Sex is part of a layman’s life and I believe this discussion can be healthy instead of being taboo. Perhaps more appropriate for discussion amongst lay people than having the monastic communities delving in.
It is said that when one is enlightened, one no longer crave for sensual enjoyment. I think many people wrongly concluded this as an aversion for sex. I do not think aversion exist in enlightenment. Following this line of thoughts, having sex does not make us less worthy in the eyes of the enlightened beings (Aka. Buddhas, Bodhisattvas and Arhants). If you have a Sunday Buddhist class or group sutra recitation, it doesn’t make it inappropriate to have a romantic Saturday evening. You do not have to go to the temple on Sunday feeling guilty, sinful or dirty. That sexual escapade on Saturday night will not sabotage your Sunday Buddhist practice, a distracted mind is the real culprit.
How do we reconcile the fact that Buddha prescribed abstinence from sex in the monastic codes of conduct? Doesn’t that mean, celibacy is being celebrated?

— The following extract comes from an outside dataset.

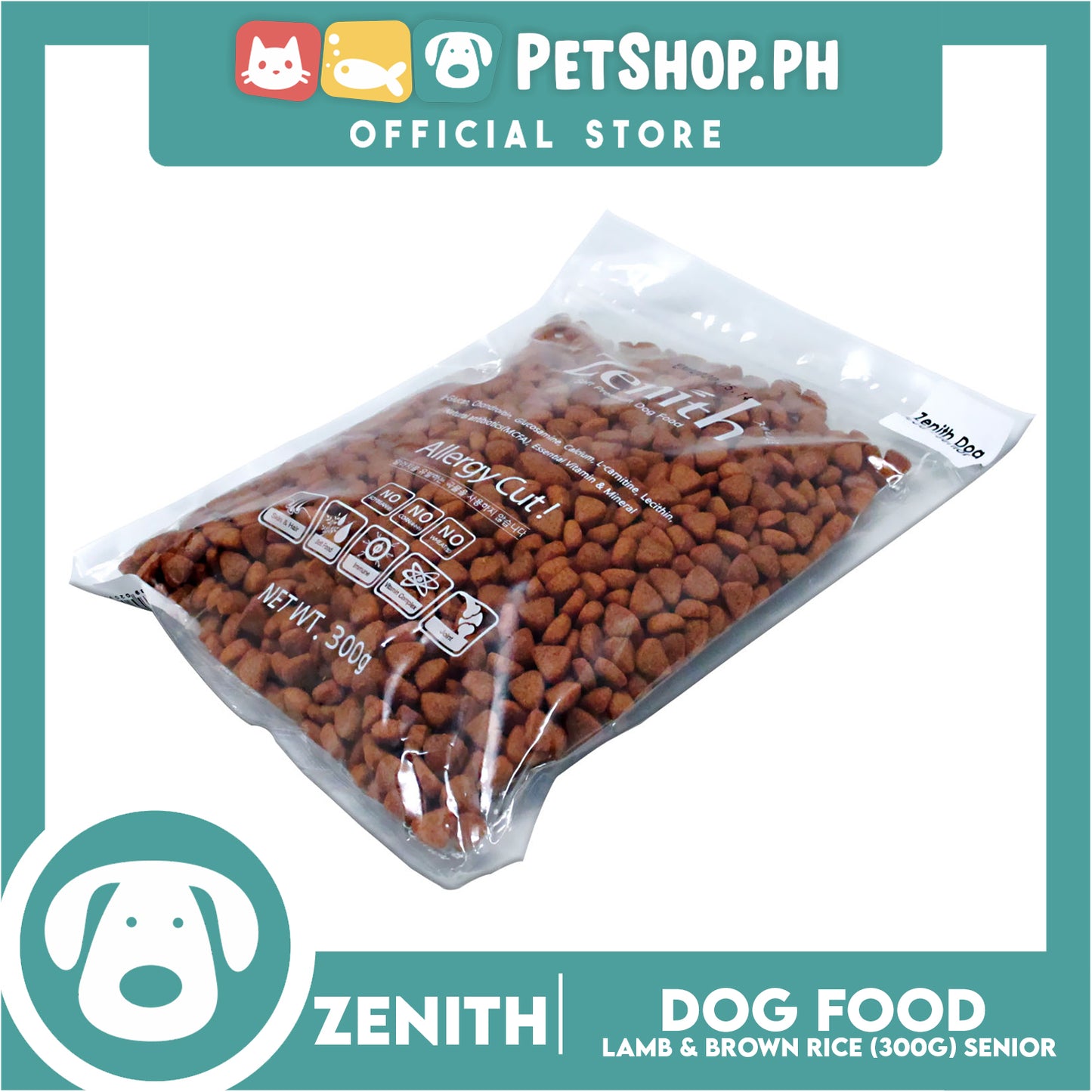 Zenith Soft Premium Allergy Cut, Grain Free For Light And Senior Dog Food 300g (Lamb And Brown Rice) 2035 Dog Dry Food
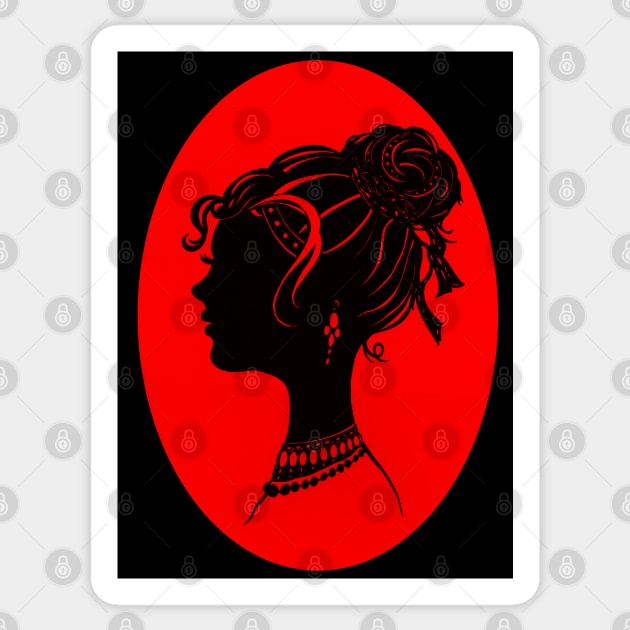 Red Vanity , Fashion Goth Silhouette Beauty Paper Cutout Fashion illustration Lady Sticker by IrenesGoodies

A straight and short answer is yes. Celibacy is preferred in the cultivation of Buddhist spirituality because one wish to be non-attached to physical sensuality or crave for sensual pleasures.
However, a layperson has roles/duties/commitment as lay people and part of that involves a healthy sexual relationship with our spouse or partner. One famous monk jokingly made it a point to announce that he never ever advise his lay disciples to abstain from sex. Therefore if anybody is experiencing a bad sexual relationship after their partner become his (the monk) disciples, it is not due to Buddhism. I guess someone must have complained?
If our partner is also Buddhist and supports abstinence from sex on Saturday night because of Buddhist activities on Sunday, then there is no problem. But if our partner isn’t Buddhist or does not share the same zeal for sexual abstinence, then we need to evaluate our position. As mentioned, a layman need not be celibate.
It is unwise for us to confuse our roles or try to imitate the monastic community when our secular life doesn’t permit it. We will end up messing up both our secular and religious affairs.
To further this point, I hope you remember a previous post regarding a female stream-winner with 7 sons. She attained the 1st stage of enlightenment (stream-winner) when she was 12 years old while listening to the Buddha’s sermon. A stream-winner’s mind has unchained certain fetters and will have a maximum of 7 more rebirths before gaining the ultimate enlightenment. Someone as accomplished as her could get married and have seven sons. (and no, there was no miraculous conception)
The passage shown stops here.